== What you have to do ==
Would you transcribe the entries below, beginning at the line with "E-344 Fosforlu Kalem" and ending after the line with "Placute frana MITSUBISHI", exactly, with no picture and nothing more?

== Data records ==
----
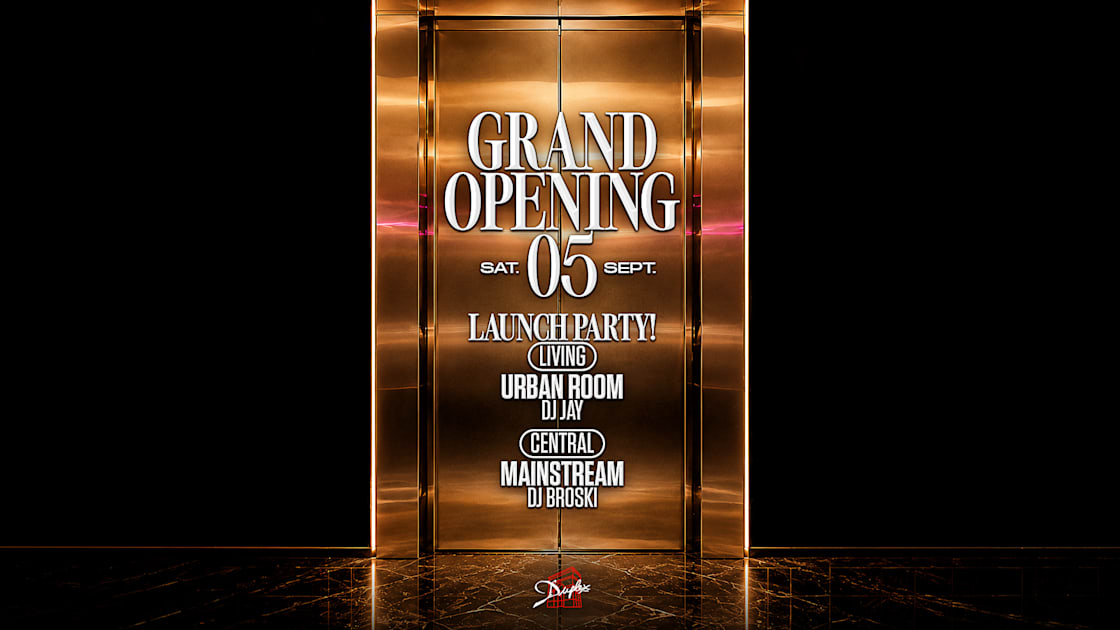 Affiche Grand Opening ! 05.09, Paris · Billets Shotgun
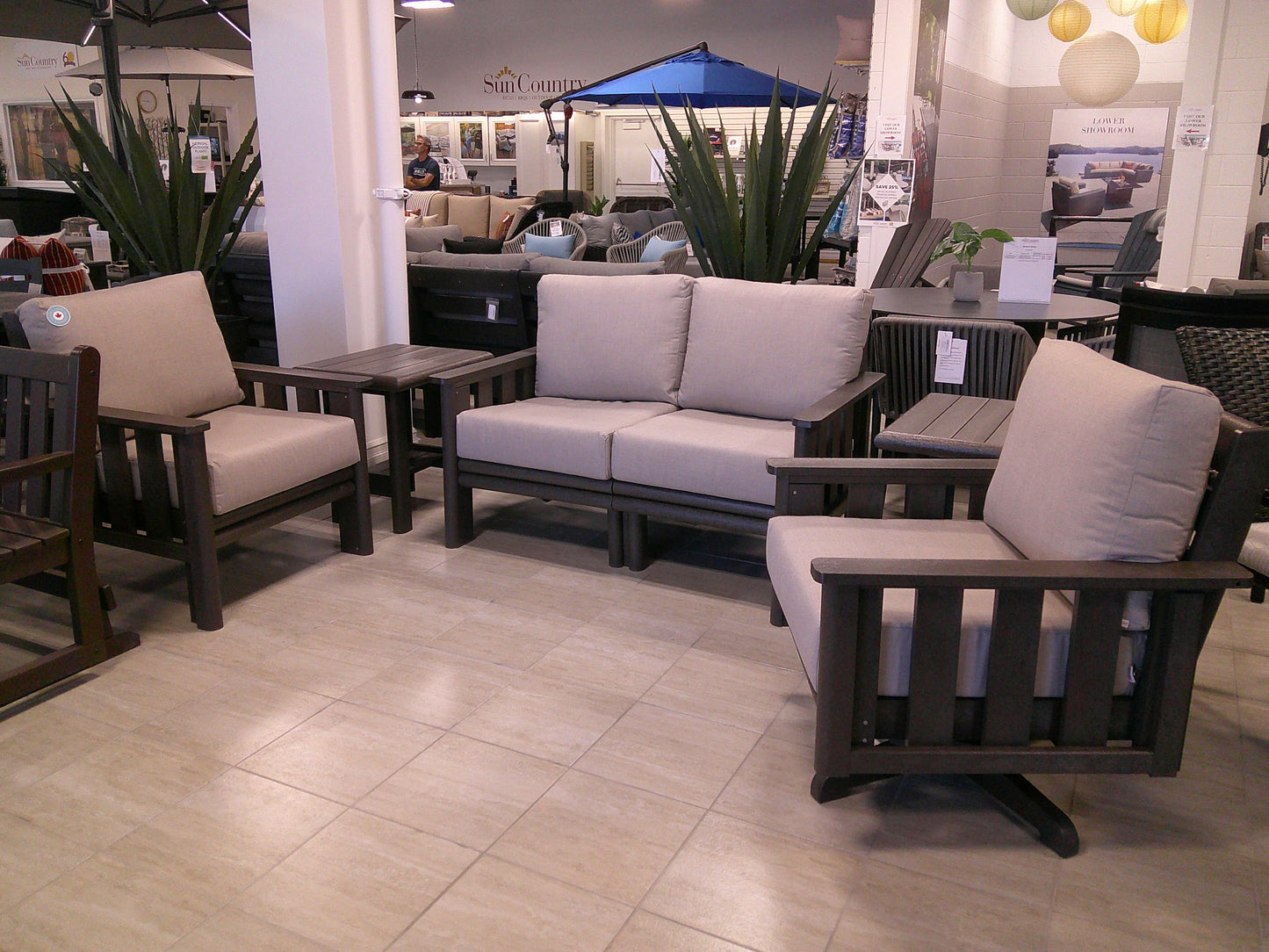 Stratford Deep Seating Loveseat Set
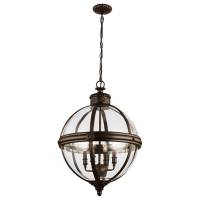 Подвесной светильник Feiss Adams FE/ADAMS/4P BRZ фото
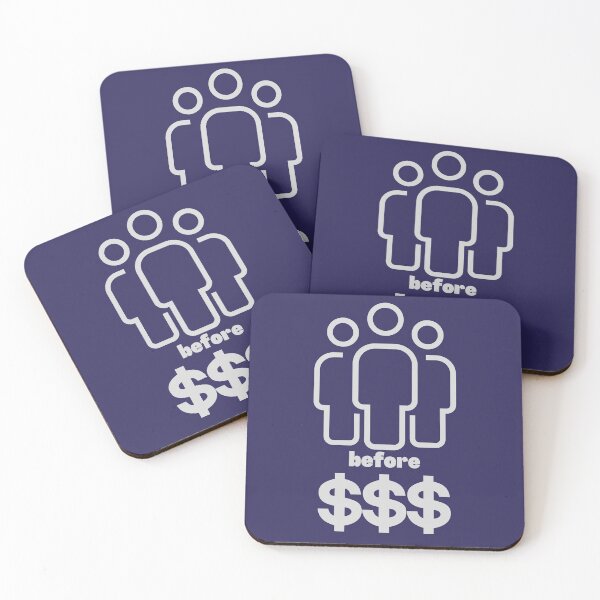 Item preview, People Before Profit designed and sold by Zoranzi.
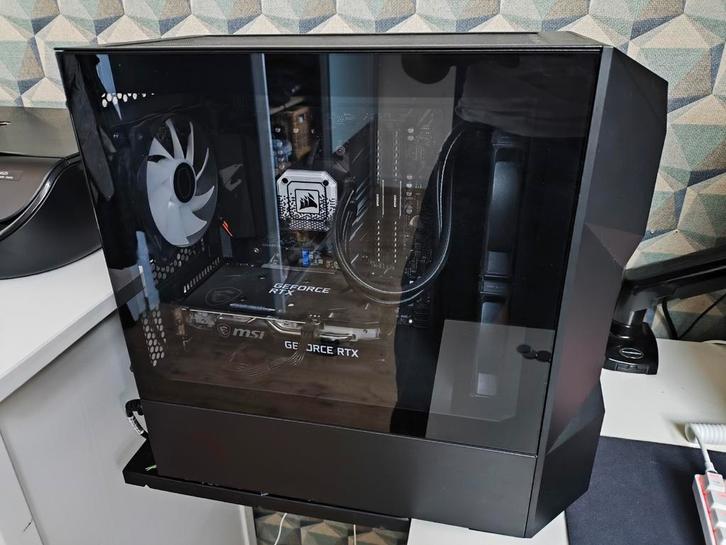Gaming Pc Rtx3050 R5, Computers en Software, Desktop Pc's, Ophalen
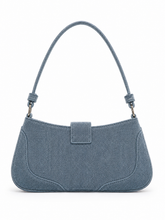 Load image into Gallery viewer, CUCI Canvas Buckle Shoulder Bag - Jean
----
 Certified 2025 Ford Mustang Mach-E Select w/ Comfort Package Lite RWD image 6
----
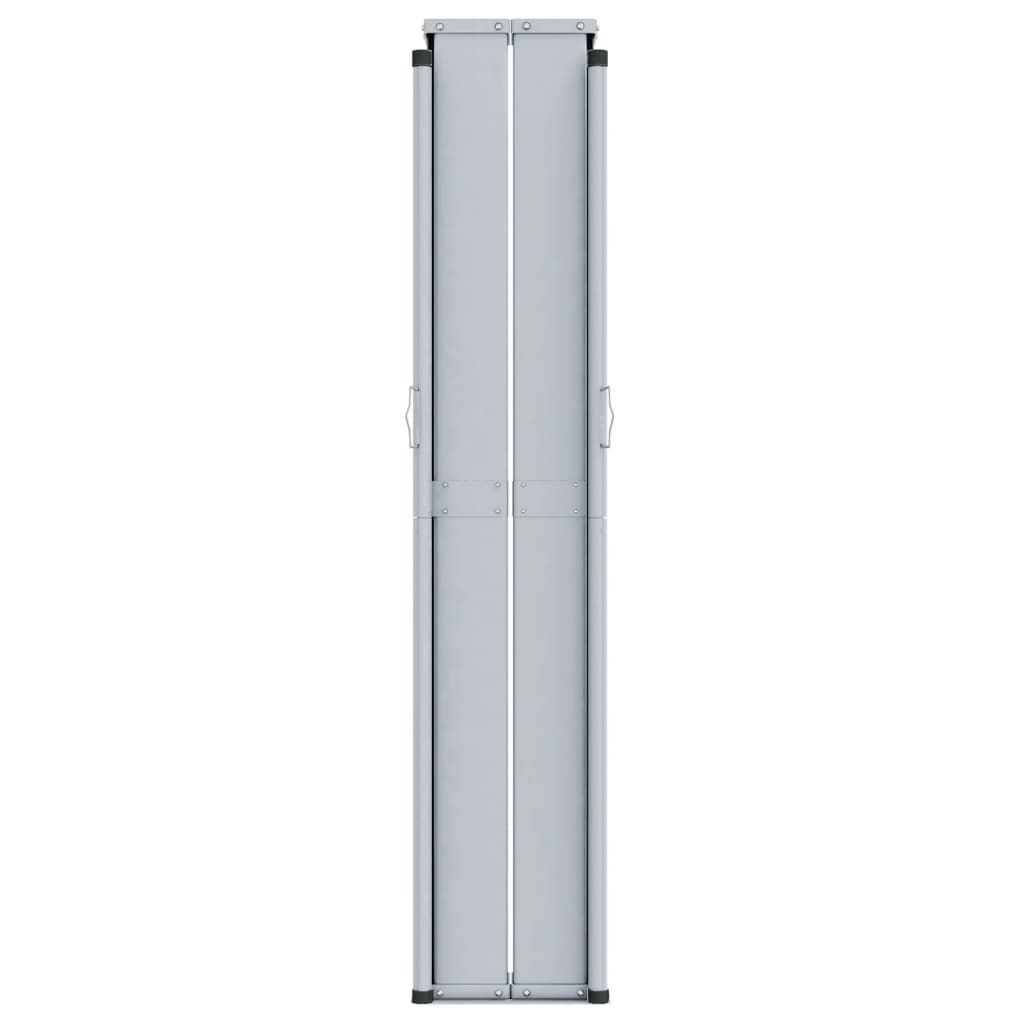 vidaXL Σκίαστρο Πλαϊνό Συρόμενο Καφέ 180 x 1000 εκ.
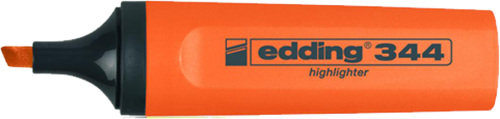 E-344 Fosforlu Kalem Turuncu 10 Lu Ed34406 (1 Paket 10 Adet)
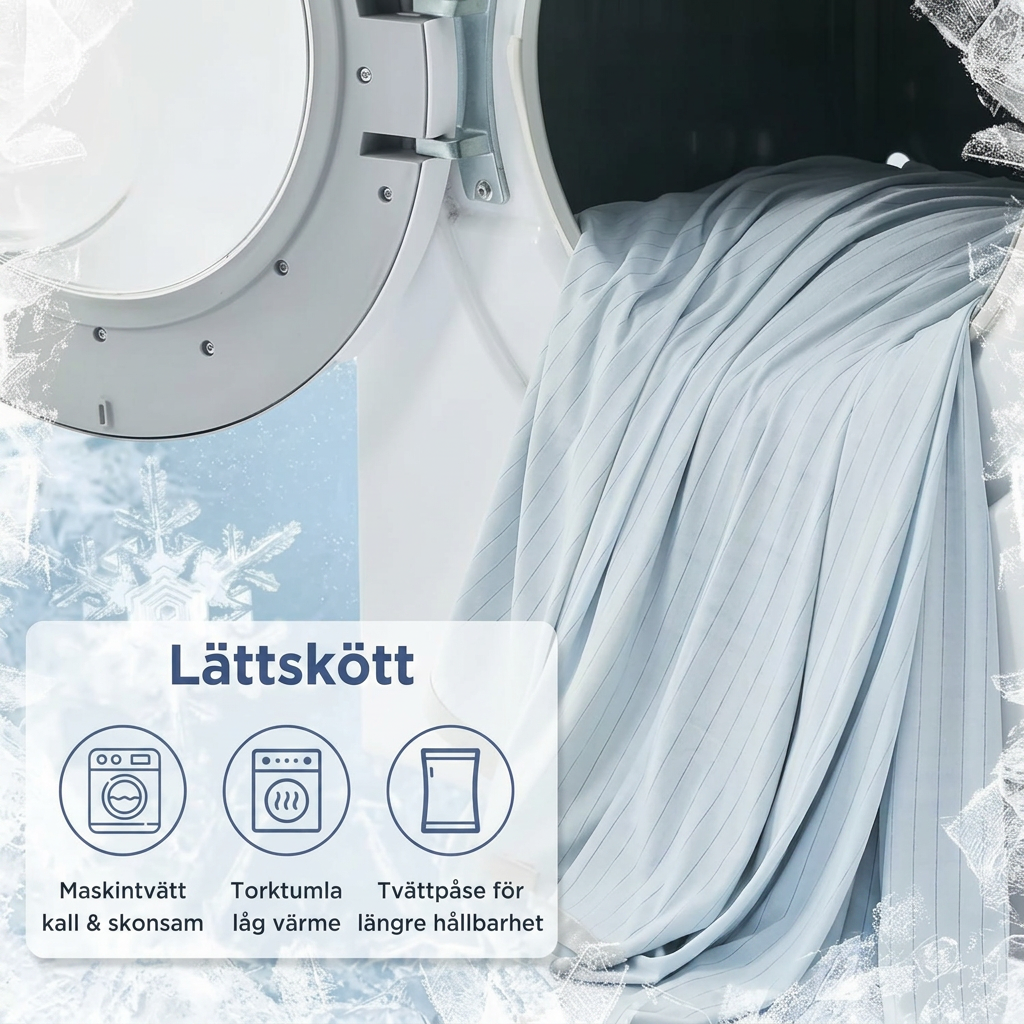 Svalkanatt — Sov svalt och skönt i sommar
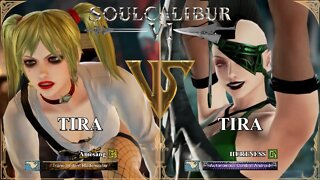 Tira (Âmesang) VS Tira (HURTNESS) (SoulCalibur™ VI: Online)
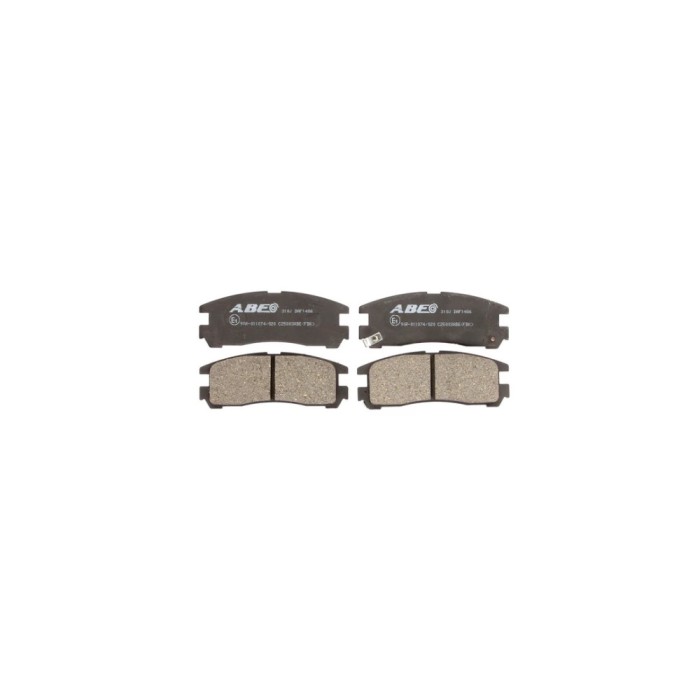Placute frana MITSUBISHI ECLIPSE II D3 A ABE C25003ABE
----
== Written answer ==
 E-344 Fosforlu Kalem Turuncu 10 Lu Ed34406 (1 Paket 10 Adet)
 Svalkanatt — Sov svalt och skönt i sommar
 Tira (Âmesang) VS Tira (HURTNESS) (SoulCalibur™ VI: Online)
Placute frana MITSUBISHI ECLIPSE II D3 A ABE C25003ABE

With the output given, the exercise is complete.